Il riferi­mento, senza nominarlo, è a Raffae­le Fitto, il quale ieri – rispondendo ad un appello di Luciano Sardelli, deputato Mpa – ha ammesso di non avere «preclusioni per nessu­no ». Sardelli, «a fronte di una sini­stra divisa su tutto e impegnata a camuffare il fallimento del gover­no Vendola», ha auspicato che Ber­lusconi e Fitto nel nome di Pinuc­cio Tatarella candidino Poli Borto­ne. E il ministro ha risposto: «Noi anteponiamo le scelte politico-pro­grammatiche ai nomi, per i quali abbiamo le nostre indicazioni, ma evidentemente siamo disponibili al confronto con le altre forze poli­tiche, in particolare Udc e Io sud, senza preclusione alcuna». Insom­ma, il Pdl è pronto a «sacrificare» il nome di Stefano Dambruoso sull’al­tare di una alleanza ampia, in gra­do di vincere.
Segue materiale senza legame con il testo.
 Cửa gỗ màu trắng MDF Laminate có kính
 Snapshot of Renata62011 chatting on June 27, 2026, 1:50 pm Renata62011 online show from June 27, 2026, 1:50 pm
Anche per questo Po­li Bortone ha detto a Emiliano, che l’ha cercata: prima di tirarmi per la giacchetta aspettate che parli con i miei. E allora, cosa accadrà, in che direzione si va? «Si va verso il Nata­le, anche se non è buona cosa per­dere altro tempo. Ogni giorno che passa tutto diventa più difficile», è il commento del senatore pd Nico­la Latorre.